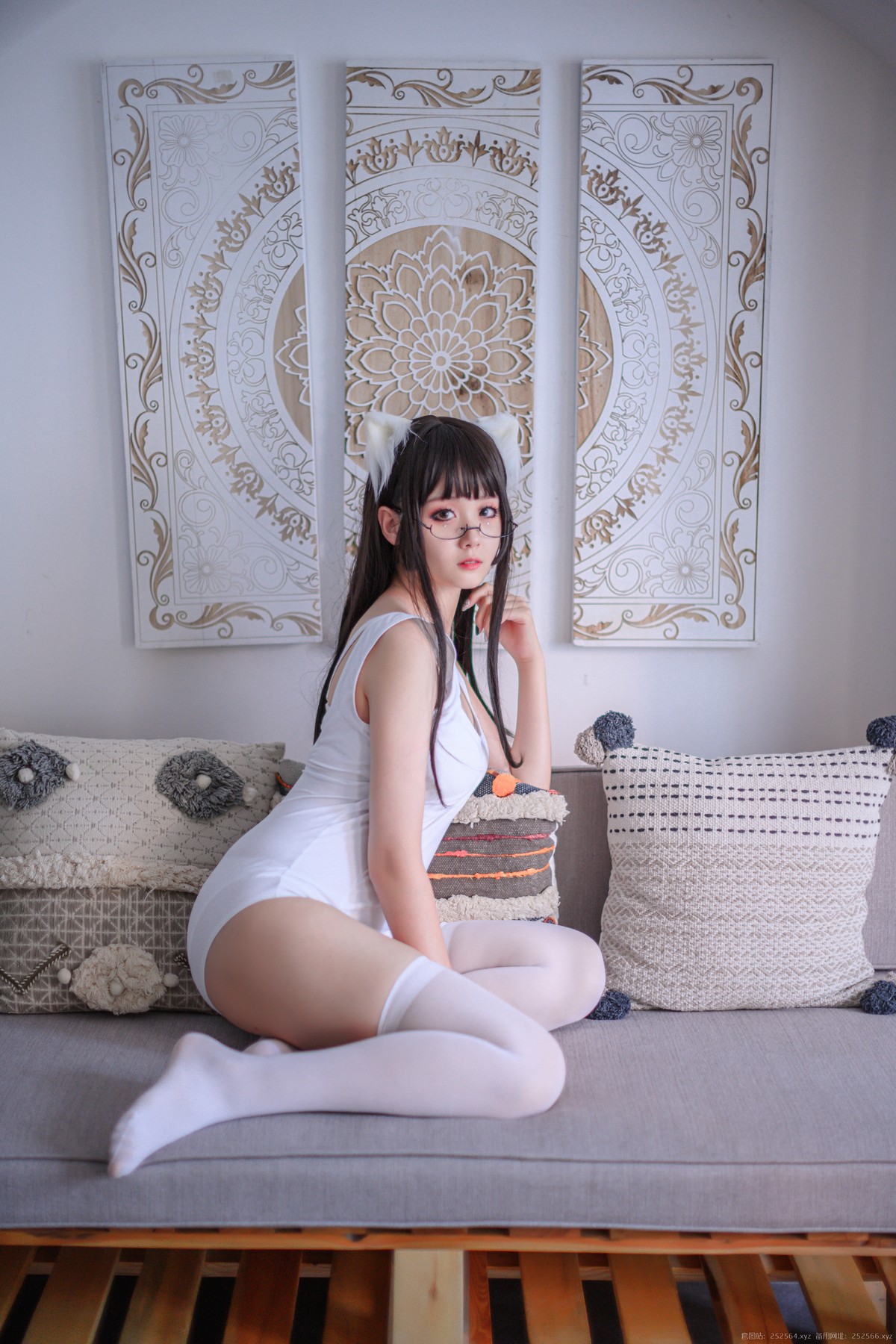 xgyw.top_Coser美女Akisoso秋楚楚死库水主题私房性感白色死库水配白丝袜迷人诱惑写真40P
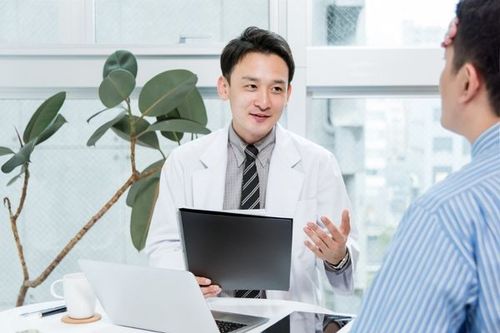 If a patient experiences ankle joint pain without swelling, they should see a doctor immediately to determine the cause and receive timely and appropriate treatment.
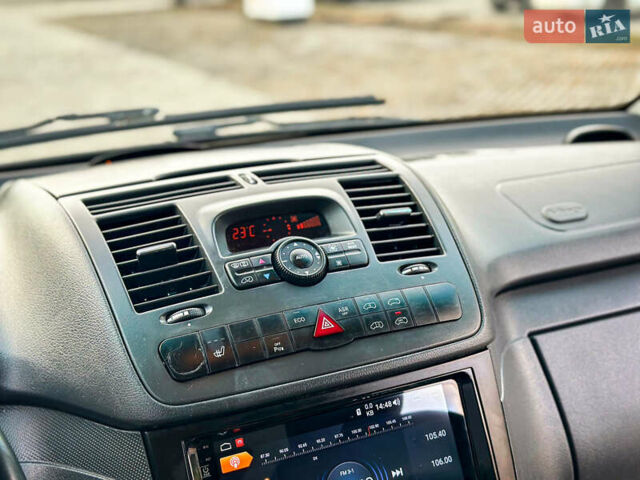 Белый Мерседес Вито, объемом двигателя 2.2 л и пробегом 252 тыс. км за 13999 $, фото 14 на Automoto.ua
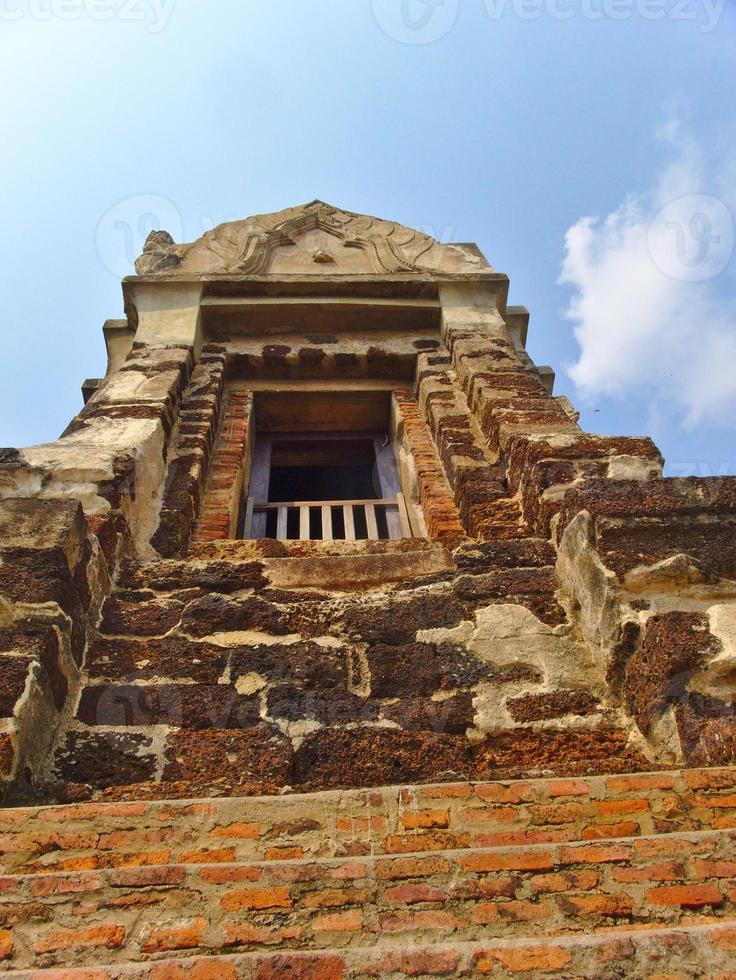 Wat Ratchaburana ist ein Tempel im historischen Park von Phra Nakhon Si Ayutthaya. Die Hauptpagode des Tempels ist einer der besten Tempel der Stadt. befindet sich im teil der insel ayutthaya. foto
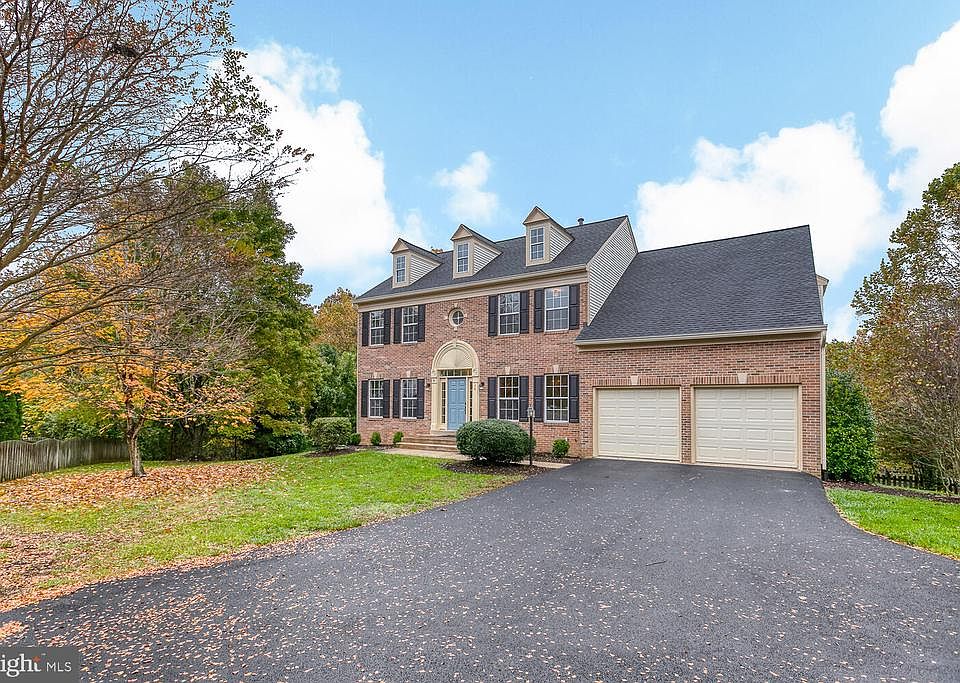 1st image of 14 Monarch Ct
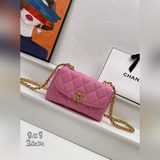 chanel23p網紅口蓋包，頂級高亮牛皮材質配黑金大logo真的絕了；質量杠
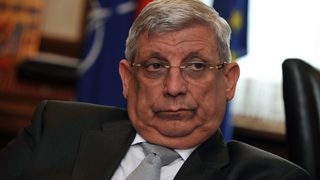 Военният министър: Президентът можеше да разкрие някои от нередностите в армията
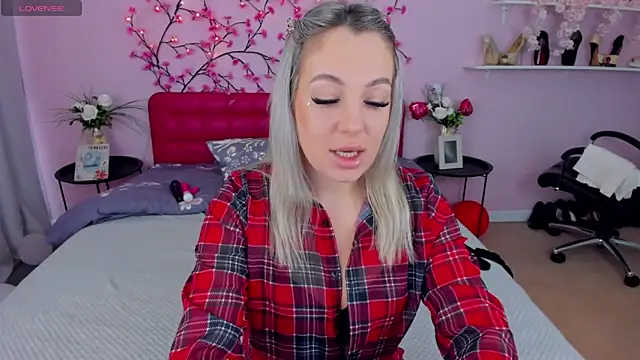 Snapshot of DanikaMorri chatting on 2, 3, 2025 DanikaMorri online show from 2, 3, 2025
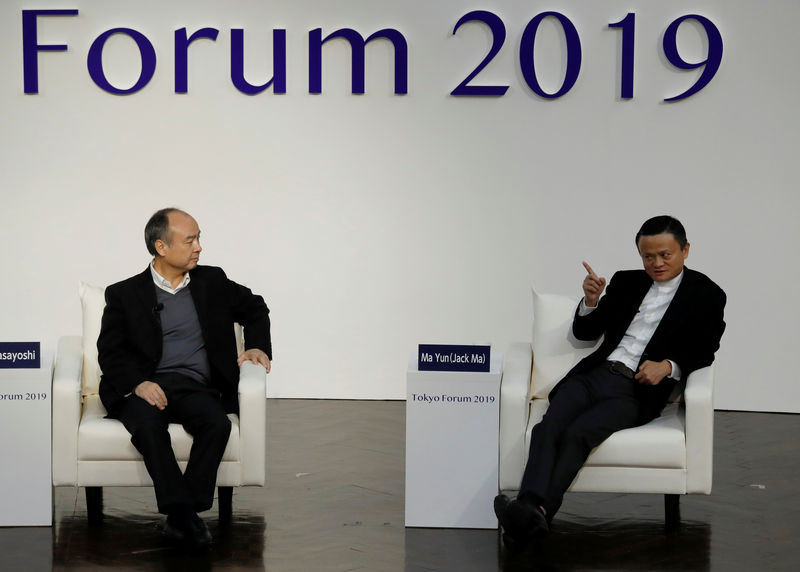 © Reuters. SoftBank Group founder and CEO Masayoshi Son and Alibaba founder and former Chairman Jack Ma attend the Tokyo Forum 2019 in Tokyo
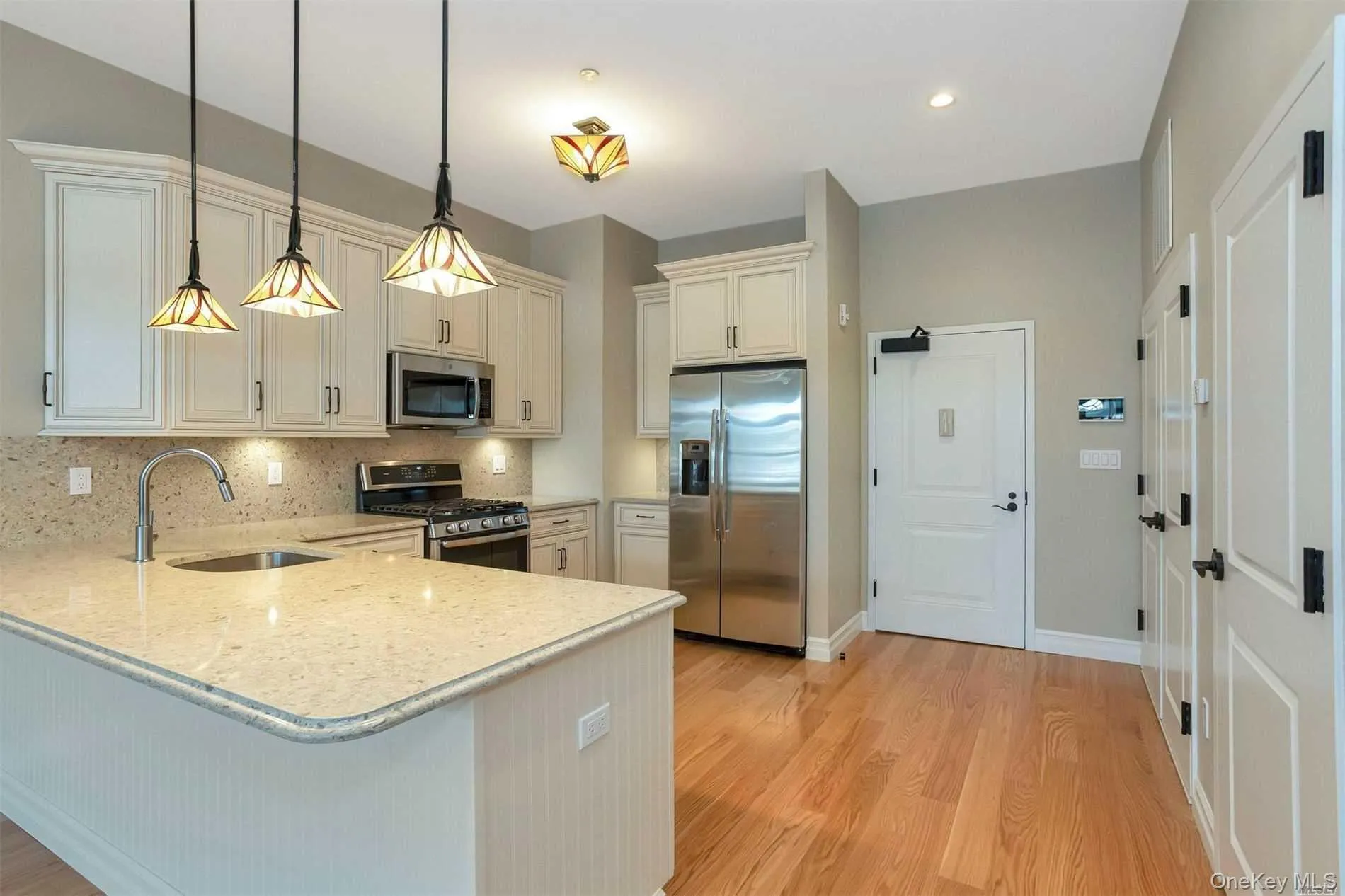 10 Wall Street, Huntington, NY, 1 Bedroom Bedrooms, 3 Rooms Rooms,1 BathroomBathrooms,Residential Lease,Idx,Wall,904708 10 Wall Street, Huntington, NY, 1 Bedroom Bedrooms, 3 Rooms Rooms,1 BathroomBathrooms,Residential Lease,Idx,Wall,904708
────
### Problem statement
Begin at the first line of the records. Print every line through the one containing "chanel23p網紅口蓋包，頂級高亮牛皮材質配黑金大logo真的絕了；質量杠" exactly, but skip the pictures.

### Answer to this exercise
 xgyw.top_Coser美女Akisoso秋楚楚死库水主题私房性感白色死库水配白丝袜迷人诱惑写真40P
 If a patient experiences ankle joint pain without swelling, they should see a doctor immediately to determine the cause and receive timely and appropriate treatment.
 Белый Мерседес Вито, объемом двигателя 2.2 л и пробегом 252 тыс. км за 13999 $, фото 14 на Automoto.ua
 Wat Ratchaburana ist ein Tempel im historischen Park von Phra Nakhon Si Ayutthaya. Die Hauptpagode des Tempels ist einer der besten Tempel der Stadt. befindet sich im teil der insel ayutthaya. foto
 1st image of 14 Monarch Ct
 chanel23p網紅口蓋包，頂級高亮牛皮材質配黑金大logo真的絕了；質量杠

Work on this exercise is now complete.